Nesse sentido, não se trata de justificar um ou outro, nem minimizar tragédias como as do Bataclan ou o cruel assassinato do professor Samuel Paty, mas também não usar os mesmo para alimentar o extremo oposto e uma reação violenta que pode se justificar como ação estatal autolegitimadora, caso alcancem o tão desejado poder, sob a liderança de partidos cada vez mais extremistas. Sendo assim, os atos fundamentalistas não afetam somente os franceses, mas, também, as comunidades islâmicas da França, pois aumentam os estigmas sociais que alimentam a desigualdade e, consequentemente, fertilizam o solo para a captação de mais jovens por parte dos terroristas.
O lado oposto do crescimento do fundamentalismo islâmico é justamente o surgimento de células neonazistas ou ultranacionalistas, cujos crimes jamais serão classificados como terrorismo, pois são “legitimados” pela identidade nação do autor. Assim mesmo, jamais ocuparam o mesmo espaço nem a mesma repercussão e serão classificados como crimes por racismo ou xenofobia, perdidos nas páginas dos jornais em notícias do cotidiano.
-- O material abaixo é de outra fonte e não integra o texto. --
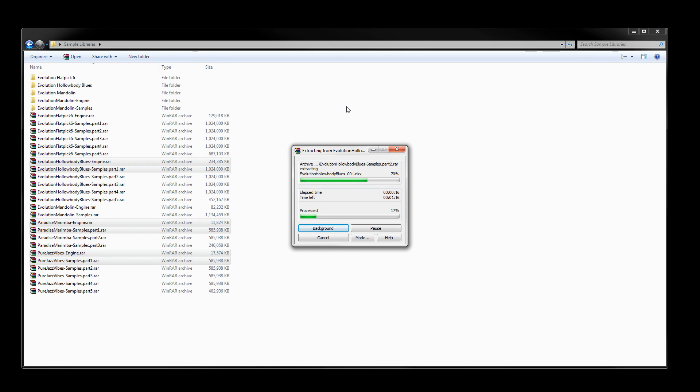From there, you'll either add the library in Kontakt or load up Native Access, where you should be able to install the library with your serial code and activate it all in one go. Thanks for watching — I hope this video helped and I'll see you in the next one.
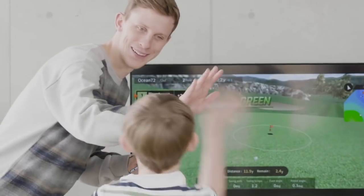FiGolf is not just for solo practice but an exciting device that can be enjoyed with others. Enjoy golf with FiGolf with your friends around the world.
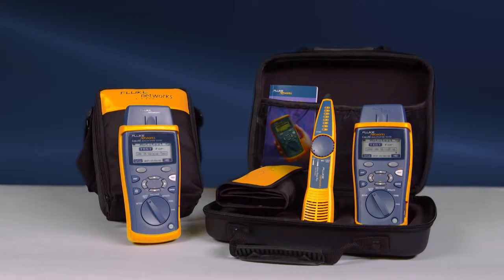Use the right tool to get the job done right the first time. Get the Cable IQ from Fluke Networks. Decide which Cable IQ is right for you. For more information on the Intellitone Pro, watch the video.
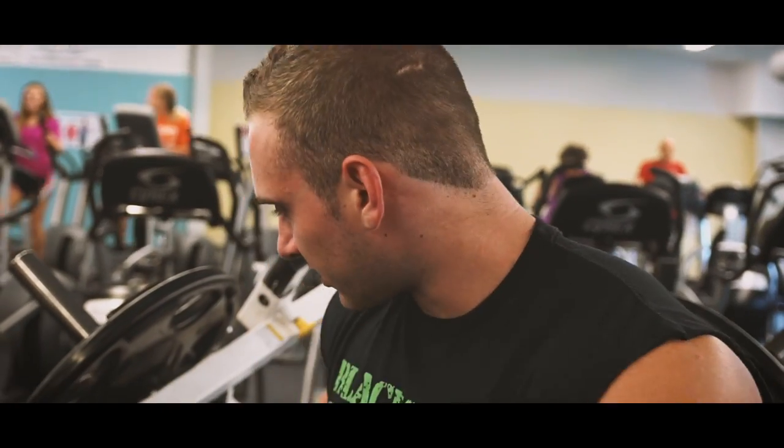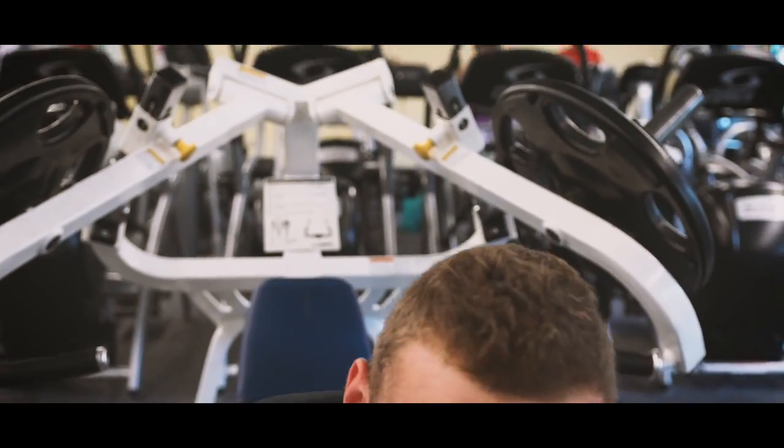Third up, we're doing incline Hammer Strength — a little strength thing here. This is one of my favorite incline machines that I haven't used in a while, so we've got to use it. Our goal is going to be a higher rep range — we're going to try for 10 to 12 reps, three to four sets.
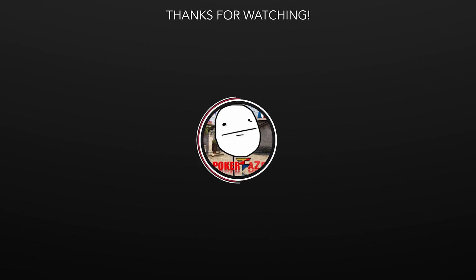I hope you guys enjoyed the video. Thank you so much for watching, and I will see you in the next one.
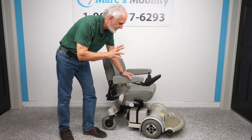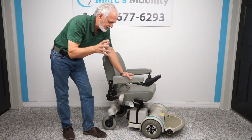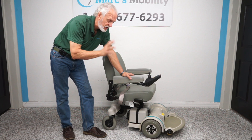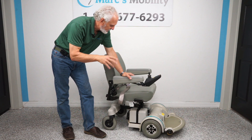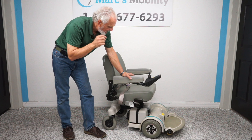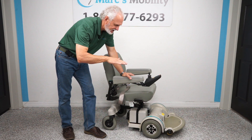This chair has a 300-pound weight capability and will run about 15 miles on a battery charge. That 15 miles is under perfect conditions — if you're outside going fast in the grass you won't get 15 miles, but it's going to run all day long.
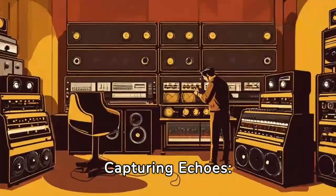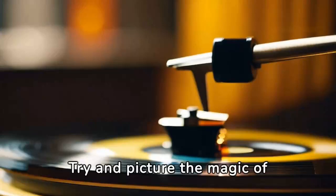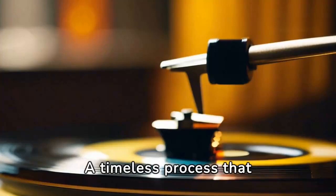Capturing Echoes: the art of recording sound on vinyl records. Try and picture the magic of music — sounds captured and cradled in the grooves of a vinyl record, a timeless process that is precise and complex.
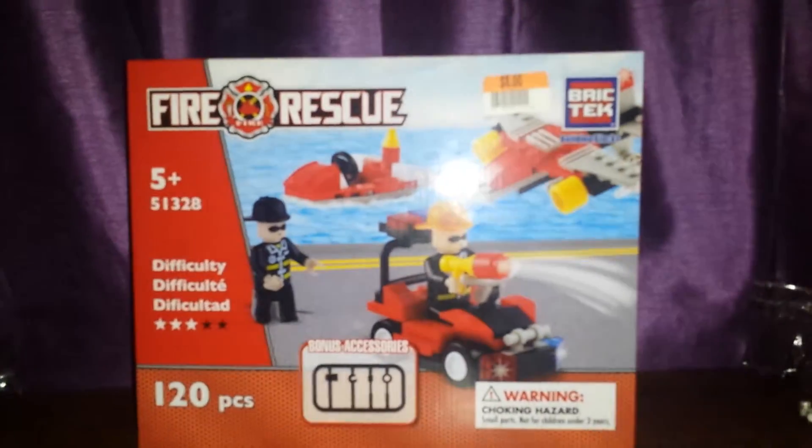Hey guys, today I got this brick tech box and I'm going to show you what's inside of it. This just shows you the others, so these are the stuff that are inside of it.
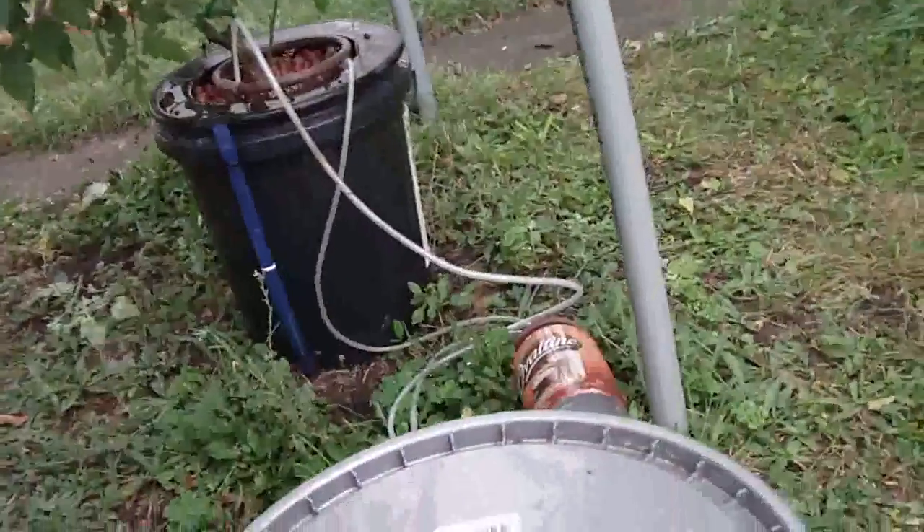Time for a quick update video. I live about 200 yards from a grain elevator and it's been so loud that I haven't been able to make any videos. We just had a storm come through and knocked the power out temporarily, so at least for now it's quiet. Let's take a look at what I've got going here.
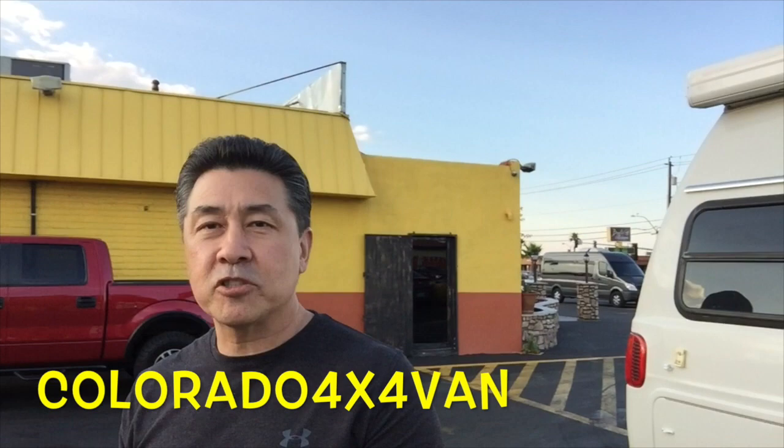Colorado 4x4 Van came into town so I decided to go out and meet him for lunch with his family. Great guy. Colorado 4x4 Van and I just had some dinner at a Mexican restaurant called Benito Michoacan — it was great. I met his lovely wife and his highly intelligent son. Now if you put me and him together we probably wouldn't have a whole brain. Say hello to Explorer Steve subscribers!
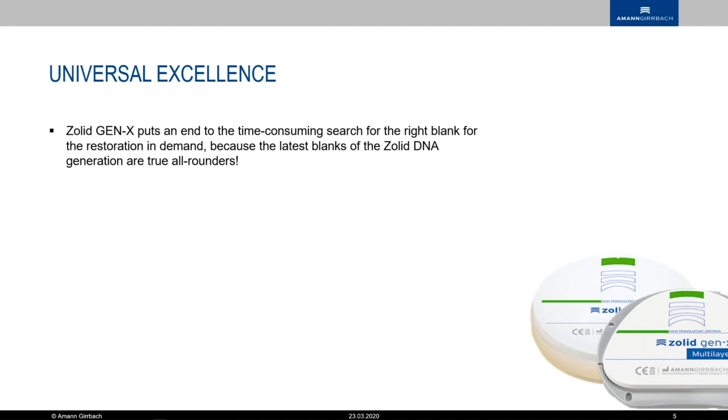I almost cannot tell apart the Gen X and the Salt FX multi-layer — it's really minimal. I have to hold them up to a light source to really see the difference. On pictures it gets really tough. You can make some minimal cutbacks and minimal layering techniques. There's some great stuff out there with Mio, and you don't have to worry about the indication because we're talking about 1000 MPa here.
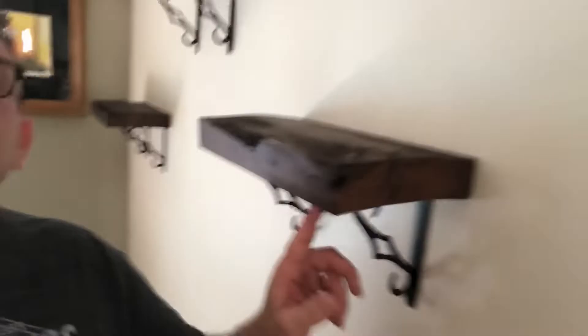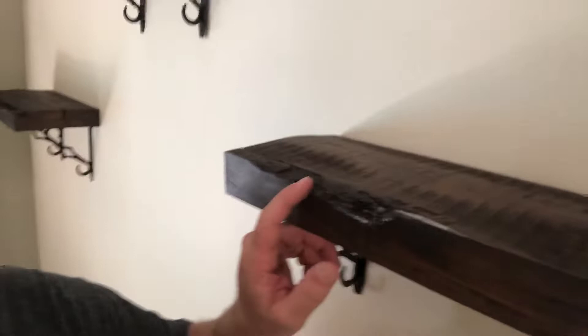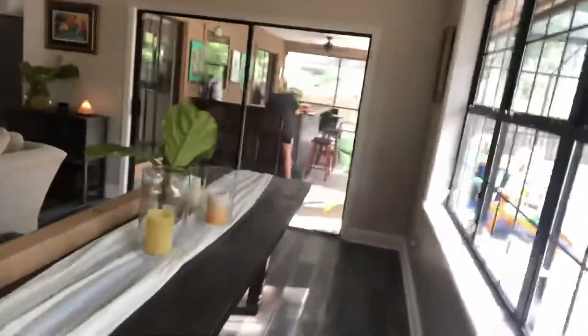So I built these, which turned out kinda cool, right? And I love that you can see the imperfections in the wood and all that kind of stuff. Kind of fits with the table, which the table turned out great.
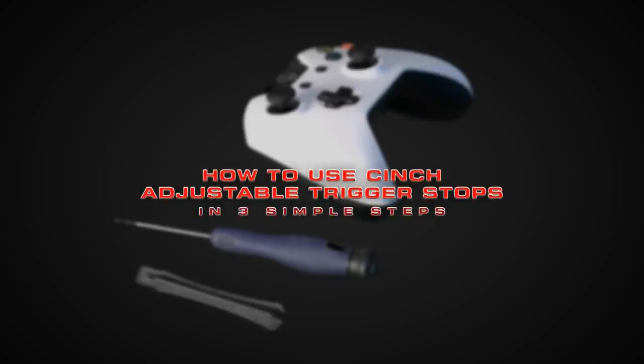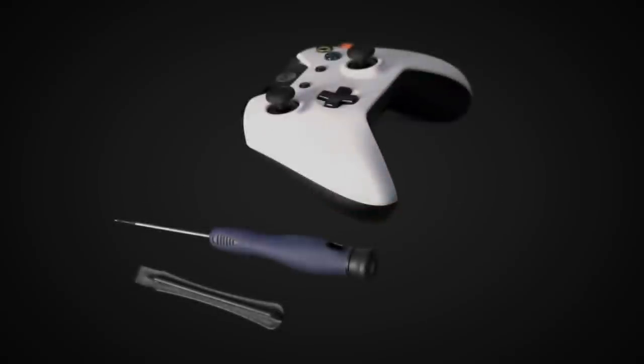Hey guys, welcome to another Cinch Gaming tutorial. In this video, we will show you how to adjust the concealed adjustable trigger stops in the Cinch One controller. Adjusting the trigger stops can be done by following three easy steps.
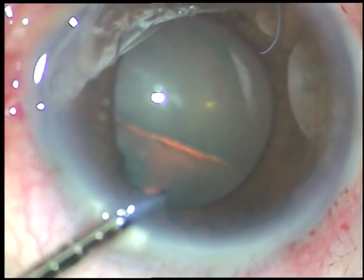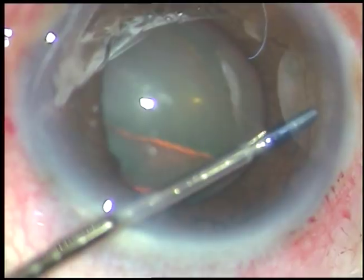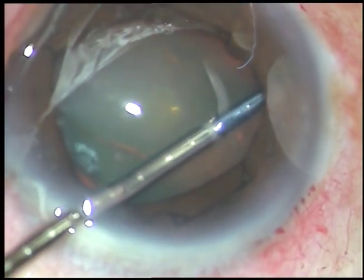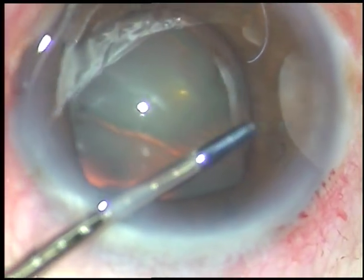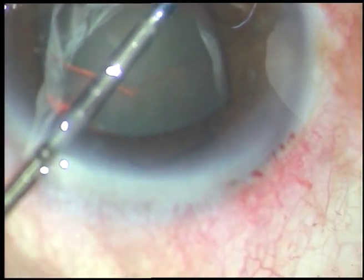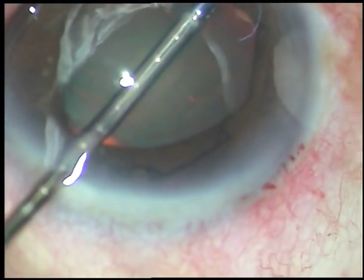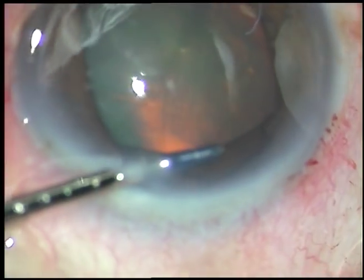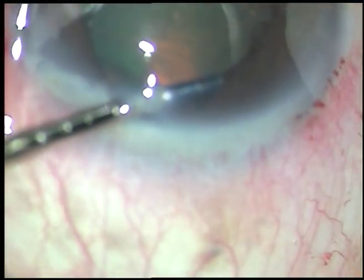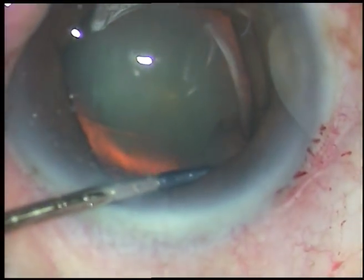Now I am tucking the flanges. I was going to tuck this flange, then I found that this is not the alternate flange. So I go to the right flange and tuck it underneath the iris.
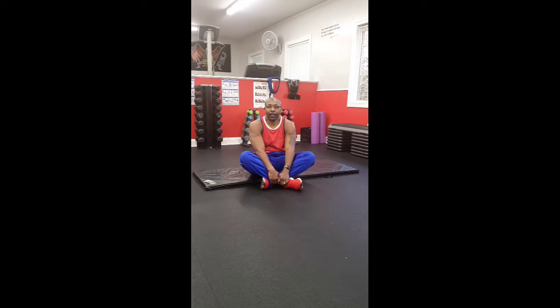Hi, today our AM workout is plank jacks, thrusters, and an elevated crunch. Three sets, 15 to 20 reps. Let's begin.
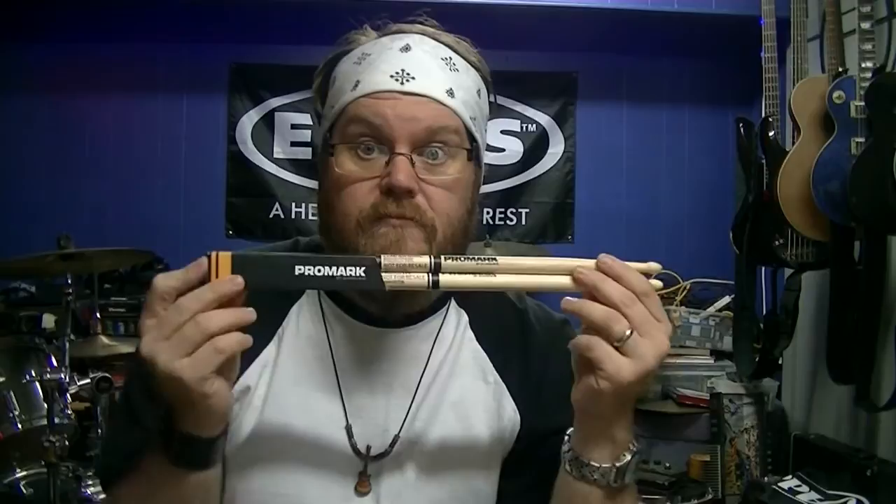The forward balance model has a two and one quarter inch taper. It basically feels kind of front heavy, so you get a real forward kind of throw. That's the forward balance.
O ódio atua em cadeia e se propaga de forma rápida. Os extremos se justificam no lado rival até chegarem ao ponto em que se encontram na mesma situação, sendo a principal luta evitar que isso aconteça.
Diante desse imenso desafio no qual a França se encontra, bem como grande parte da União Europeia, a questão é muito mais complexa que a classificação de pessoas por sua religião ou sua procedência. Como se observa em análises e na observação empírica, o foco primordial para a manutenção da democracia deve ser evitar que o extremismo seja institucionalizado ou legitimado como consequência da ascensão dessa tensão.
Embora uma legislação mais rígida seja necessária, assim como um maior controle para garantir a segurança dos cidadãos, observa-se que a mesma não pode ser um subterfúgio para políticas igualmente discriminatórias, cujos efeitos a longo prazo serão proporcionalmente nefastos. A conclusão que vem sendo compartilhada é que o que se deve excluir da sociedade é o terrorista e não o cidadão por ser de uma determinada cultura ou religião, evitando gerar um discurso onde o que se observa não é a sociedade contra o terrorismo, mas um tipo de cidadão frente a “outros” que não são vistos como tais, alimentando a máquina do ódio, que, dessa forma, jamais irá parar.
Sem embargo, solucionar esta contraposição em sociedades complexas com democracias cada vez mais debilitadas em um mundo em constante tensão é o grande questionamento, para o qual líder carismático algum de fato possui as respostas, mas se sabe que a máxima de “dividir e conquistar”, aplicado também neste caso, gerará como única vencedora a própria barbárie.